Дважды победитель поэтических конкурсов "Пятая стихия" 2019 и 2022 годов
МАРК ШЕХТМАН(В 2019 году первое место в поэтическом конкурсе разделили Юрий Макашев и Марк Шехтман)
Вложение:
Марк Шехтман.jpg [ 19.29 КБ | Просмотров: 7320 ]
Марк Борисович, с большим удовольствием воспользуюсь выпавшим мне случаем пообщаться с Вами в рамках нового интересного проекта «Пятой Стихии». Давно являюсь Вашим читателем и почитателем, а в преддверии этого разговора с интересом побродил по тем ресурсам, где выставлены Ваши работы или выступления. Авторов, пишущих хорошие стихи в русской силлабо-тонике, у нас хватало во все времена, но талантливых поэтов, обладающих подлинным литературным даром, неповторимым поэтическим языком, «лица необщим выраженьем», выверенной гражданской и культурной позицией всегда меньше, чем членов различных творческих союзов. Вы, Марк Борисович, как раз и представляете это замечательное литературное меньшинство, которое определяет для меня понятие современной русской поэзии. Думаю, что заслуженные похвалы подобного рода в свой адрес Вы слышали и читали не раз, потому, как это ни сложно, попробую далее, задавая свои вопросы, обойтись без избыточной комплиментарности.

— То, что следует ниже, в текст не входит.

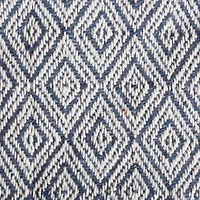 DII® French Blue Fields Of Diamond Throw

Хотел бы попросить вас рассказать о некоторых сторонах вашего творческого и жизненного пути. Первый вопрос предопределён, поскольку наш заочный разговор происходит в формате «Пятой стихии». Вы дважды побеждали в конкурсе памяти Игоря Царёва, а в прошедшем году выступили в качестве эксперта, подняв и без того высокую планку конкурсного литературного обозрения на новый качественный уровень. Ваша приверженность поэзии Игоря Царёва очевидна. Что имя Игоря Царёва значит для Марка Шехтмана, для поэта и для человека?Здравствуйте, Игорь! Ваш вопрос, если отвечать на него достаточно полно, потребует обращения ко многим сложным проблемам поэзии, психологии, истории и даже геополитики...

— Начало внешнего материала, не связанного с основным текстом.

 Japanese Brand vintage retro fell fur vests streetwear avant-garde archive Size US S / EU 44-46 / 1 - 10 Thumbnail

Естественно, в рамках этого интервью позволить себе такую роскошь я не могу, а потому ограничусь лишь основными тезисами и некоторыми моментами личного характера. Наше время, по выражению классика, «трудновато для пера», и таким оно стало уже довольно давно. Как человек и гражданин я пережил сложный и даже трагический период распада Советского Союза, был вынужден сменить страну проживания и хоть как-то приспособиться к новым принципам отношений между людьми. Как автор – я никогда не использую определение «поэт» применительно к себе! – я столкнулся с изменением общественной парадигмы в понимании предмета поэзии и с отторжением многими пишущими людьми принципов русской и советской поэтической классики. Вместе с тем, я понимал, что стихосложение нового времени не может не откликнуться на мировые метаморфозы, на многие новые представления о человеке и его месте в социуме и в мироздании. В начале этого века я был уже не молод и обладал вполне приличным поэтическим опытом. И всё же мне был нужен если не «образец для подражания», то, скажем так, авторитетный единомышленник! – и я нашёл его в личности и творчестве именно Игоря Царёва. Талантливый – от Бога! – поэт, чьё тематическое новаторство органично уживалось с яркой образностью, ясным сюжетом и музыкальностью, человек высокого интеллекта, в котором эрудиция и образованность сочетались с нетривиальными интересами, (я читал его книги о паранормальных явлениях), – таким мне представляется Игорь Царёв. Не могу не сказать о важном для меня аспекте его творчества – о его активной позиции в сохранении культурного облика и нравственных норм русского мира как значимой и оригинальной части мировой цивилизации.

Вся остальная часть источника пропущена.